Updated: Mar 7
Sometimes going by the books is necessary to cover all the bases. The tale of a fisherman caught between providing a stable home for his child and pursuing his occupation that has been passed down from generation to generation has no real villain except the 21st century: rigid ecological fishing laws, the decline of private enterprise in the industry, and, of course, climate change. Real-life fisherman Jesmark Scicluna falls into the leading role with ease, as do his non-professional counterparts, as a modern day Maltese Poseidon. The conflict, although quite specific, rings true as a reflection on the impossibility of a simple life. Ernest Hemingway would be proud to regard Luzzu as a thematic follow-up to his acclaimed novel, bringing together man, water, and fish as one.
It's no shock that director Alex Camilleri feels a deep connection to his subject matter. As the child of Maltese immigrants, it was only natural that he would eventually feel enticed to come back to his roots. One of the major selling points of the film is how few Maltese stories there are, given that the country, which is wedged as a middleman between Italy and Tunisia, usually serves as the tropical backdrop for vacation flicks or action set pieces. By engaging directly with the infrastructure of the island and its diverse populous, Camilleri lets the universal matters of family, passion, and sacrifice appeal to the masses. Although it's an easy criticism to lambaste the conventionality of the story tropes, with its temperamental protagonist, nagging mother-in-law, and "falling into the dirty job" plot point, these cliches are often necessary to make room for the definitively pensive nature of the quiet moments in between.
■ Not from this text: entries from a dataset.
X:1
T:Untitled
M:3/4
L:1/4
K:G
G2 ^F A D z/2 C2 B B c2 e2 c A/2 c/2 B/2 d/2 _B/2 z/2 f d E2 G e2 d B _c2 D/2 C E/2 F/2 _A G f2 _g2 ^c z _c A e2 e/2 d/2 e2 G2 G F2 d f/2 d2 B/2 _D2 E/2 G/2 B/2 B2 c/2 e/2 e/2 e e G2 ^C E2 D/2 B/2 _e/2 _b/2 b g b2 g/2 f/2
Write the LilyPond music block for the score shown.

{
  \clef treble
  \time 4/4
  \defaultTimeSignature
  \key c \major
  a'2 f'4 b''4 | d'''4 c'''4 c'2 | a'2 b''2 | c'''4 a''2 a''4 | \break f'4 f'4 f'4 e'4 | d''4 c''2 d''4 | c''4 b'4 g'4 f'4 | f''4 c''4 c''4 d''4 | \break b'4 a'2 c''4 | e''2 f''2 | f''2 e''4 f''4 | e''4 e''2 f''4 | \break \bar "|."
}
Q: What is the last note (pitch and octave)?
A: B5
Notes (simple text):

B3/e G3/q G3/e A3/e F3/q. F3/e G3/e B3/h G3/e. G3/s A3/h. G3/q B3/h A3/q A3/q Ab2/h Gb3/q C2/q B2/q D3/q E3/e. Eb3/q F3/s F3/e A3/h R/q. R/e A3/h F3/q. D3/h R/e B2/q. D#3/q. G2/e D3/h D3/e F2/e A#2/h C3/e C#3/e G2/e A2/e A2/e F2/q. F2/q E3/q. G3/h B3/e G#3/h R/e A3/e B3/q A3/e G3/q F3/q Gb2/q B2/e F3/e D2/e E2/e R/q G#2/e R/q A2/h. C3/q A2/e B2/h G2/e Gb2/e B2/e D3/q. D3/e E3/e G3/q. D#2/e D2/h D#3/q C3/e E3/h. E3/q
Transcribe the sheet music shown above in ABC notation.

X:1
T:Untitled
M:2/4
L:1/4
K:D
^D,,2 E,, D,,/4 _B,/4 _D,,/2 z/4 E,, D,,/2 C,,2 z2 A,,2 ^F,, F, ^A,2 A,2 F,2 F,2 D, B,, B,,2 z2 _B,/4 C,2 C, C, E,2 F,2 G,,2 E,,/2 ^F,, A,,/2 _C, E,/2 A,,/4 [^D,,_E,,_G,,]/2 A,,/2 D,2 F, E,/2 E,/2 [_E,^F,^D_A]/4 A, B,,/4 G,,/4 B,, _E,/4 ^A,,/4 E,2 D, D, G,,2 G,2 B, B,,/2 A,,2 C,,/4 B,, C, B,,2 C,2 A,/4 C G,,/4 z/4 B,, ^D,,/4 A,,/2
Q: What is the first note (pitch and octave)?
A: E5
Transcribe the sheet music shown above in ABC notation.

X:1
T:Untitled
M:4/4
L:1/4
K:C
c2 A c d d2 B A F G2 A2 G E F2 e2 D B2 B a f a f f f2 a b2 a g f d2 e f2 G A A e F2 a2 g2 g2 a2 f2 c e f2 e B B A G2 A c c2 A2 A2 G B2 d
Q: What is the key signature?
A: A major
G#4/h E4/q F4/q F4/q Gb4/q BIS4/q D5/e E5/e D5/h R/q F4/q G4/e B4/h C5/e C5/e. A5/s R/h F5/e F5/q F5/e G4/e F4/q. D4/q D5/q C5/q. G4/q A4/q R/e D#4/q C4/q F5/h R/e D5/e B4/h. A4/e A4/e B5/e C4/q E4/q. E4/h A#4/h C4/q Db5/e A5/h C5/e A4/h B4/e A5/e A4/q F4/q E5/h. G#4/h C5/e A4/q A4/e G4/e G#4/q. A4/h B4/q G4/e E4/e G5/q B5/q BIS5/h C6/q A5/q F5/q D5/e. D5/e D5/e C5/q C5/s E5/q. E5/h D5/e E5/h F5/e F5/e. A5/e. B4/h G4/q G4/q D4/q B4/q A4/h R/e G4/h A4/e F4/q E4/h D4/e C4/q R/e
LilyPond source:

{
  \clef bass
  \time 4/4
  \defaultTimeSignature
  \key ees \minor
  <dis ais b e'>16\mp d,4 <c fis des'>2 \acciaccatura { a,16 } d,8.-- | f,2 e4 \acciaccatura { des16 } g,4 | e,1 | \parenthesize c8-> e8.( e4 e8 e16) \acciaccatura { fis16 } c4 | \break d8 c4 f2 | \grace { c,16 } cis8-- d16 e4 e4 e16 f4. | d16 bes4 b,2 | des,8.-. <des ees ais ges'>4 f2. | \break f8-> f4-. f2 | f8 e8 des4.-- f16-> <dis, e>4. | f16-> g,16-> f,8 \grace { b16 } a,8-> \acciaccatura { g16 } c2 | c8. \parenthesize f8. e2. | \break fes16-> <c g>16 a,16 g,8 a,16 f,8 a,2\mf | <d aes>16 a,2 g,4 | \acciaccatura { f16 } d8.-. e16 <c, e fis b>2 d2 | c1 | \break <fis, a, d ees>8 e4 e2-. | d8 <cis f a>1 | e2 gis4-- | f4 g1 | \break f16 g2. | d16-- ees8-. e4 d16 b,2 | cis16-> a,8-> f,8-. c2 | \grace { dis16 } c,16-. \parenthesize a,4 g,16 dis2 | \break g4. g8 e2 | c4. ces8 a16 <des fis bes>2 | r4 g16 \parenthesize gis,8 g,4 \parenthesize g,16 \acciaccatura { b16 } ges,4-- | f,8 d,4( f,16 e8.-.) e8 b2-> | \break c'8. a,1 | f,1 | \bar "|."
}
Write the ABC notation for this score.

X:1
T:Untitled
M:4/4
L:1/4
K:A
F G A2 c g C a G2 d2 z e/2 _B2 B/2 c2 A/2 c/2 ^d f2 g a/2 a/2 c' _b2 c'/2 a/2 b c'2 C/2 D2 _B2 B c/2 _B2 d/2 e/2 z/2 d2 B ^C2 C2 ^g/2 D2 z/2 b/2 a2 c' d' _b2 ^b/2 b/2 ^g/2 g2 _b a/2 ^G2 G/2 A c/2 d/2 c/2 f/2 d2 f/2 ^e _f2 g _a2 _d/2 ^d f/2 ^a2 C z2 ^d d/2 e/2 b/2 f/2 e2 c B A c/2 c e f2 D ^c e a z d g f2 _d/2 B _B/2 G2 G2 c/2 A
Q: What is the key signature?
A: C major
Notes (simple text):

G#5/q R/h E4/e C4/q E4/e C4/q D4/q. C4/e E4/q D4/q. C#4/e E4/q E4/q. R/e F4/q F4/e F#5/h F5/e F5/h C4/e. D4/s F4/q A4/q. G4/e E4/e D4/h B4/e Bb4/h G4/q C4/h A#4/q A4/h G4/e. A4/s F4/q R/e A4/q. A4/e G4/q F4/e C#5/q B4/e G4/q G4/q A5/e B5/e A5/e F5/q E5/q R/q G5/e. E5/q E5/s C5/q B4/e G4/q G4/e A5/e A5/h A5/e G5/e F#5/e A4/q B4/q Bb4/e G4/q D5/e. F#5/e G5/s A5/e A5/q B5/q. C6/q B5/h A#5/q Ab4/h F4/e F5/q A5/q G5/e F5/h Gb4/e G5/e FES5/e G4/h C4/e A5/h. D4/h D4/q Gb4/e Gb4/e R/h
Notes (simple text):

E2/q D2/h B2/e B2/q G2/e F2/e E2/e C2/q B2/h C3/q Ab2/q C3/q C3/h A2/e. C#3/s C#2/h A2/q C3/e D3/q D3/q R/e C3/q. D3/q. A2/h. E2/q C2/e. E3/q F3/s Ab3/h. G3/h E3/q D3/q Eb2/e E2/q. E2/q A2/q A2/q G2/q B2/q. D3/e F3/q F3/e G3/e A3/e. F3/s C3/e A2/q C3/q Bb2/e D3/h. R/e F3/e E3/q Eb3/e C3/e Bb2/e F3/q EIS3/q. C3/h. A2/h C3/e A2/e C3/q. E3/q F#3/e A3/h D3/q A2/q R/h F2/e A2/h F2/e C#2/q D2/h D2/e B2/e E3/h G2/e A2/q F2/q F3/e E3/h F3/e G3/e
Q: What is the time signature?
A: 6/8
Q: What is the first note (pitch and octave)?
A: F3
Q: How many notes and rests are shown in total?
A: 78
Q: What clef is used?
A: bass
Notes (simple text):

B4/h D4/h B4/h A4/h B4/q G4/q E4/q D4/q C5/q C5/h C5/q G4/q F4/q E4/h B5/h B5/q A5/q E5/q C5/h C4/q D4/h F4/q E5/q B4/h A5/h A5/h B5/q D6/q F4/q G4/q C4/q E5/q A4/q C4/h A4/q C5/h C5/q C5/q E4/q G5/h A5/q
A priest blessing the boats as Jon Natchez' gentle violin score plays in the background, the eyes of the corpses of forfeited luzzus staring daggers into Jes, and a father and son, in the tranquil hours of the afternoon, finally at rest on the couch.
Enriched by the stunning Mediterranean backdrop and Alex Camilleri’s knowing knack for structure, Luzzu is a very honorable debut for both Camilleri's career in directing and Malta's place in the film world. This wholesome and heartfelt story will no doubt earn its status as an understated gem of Sundance 2021.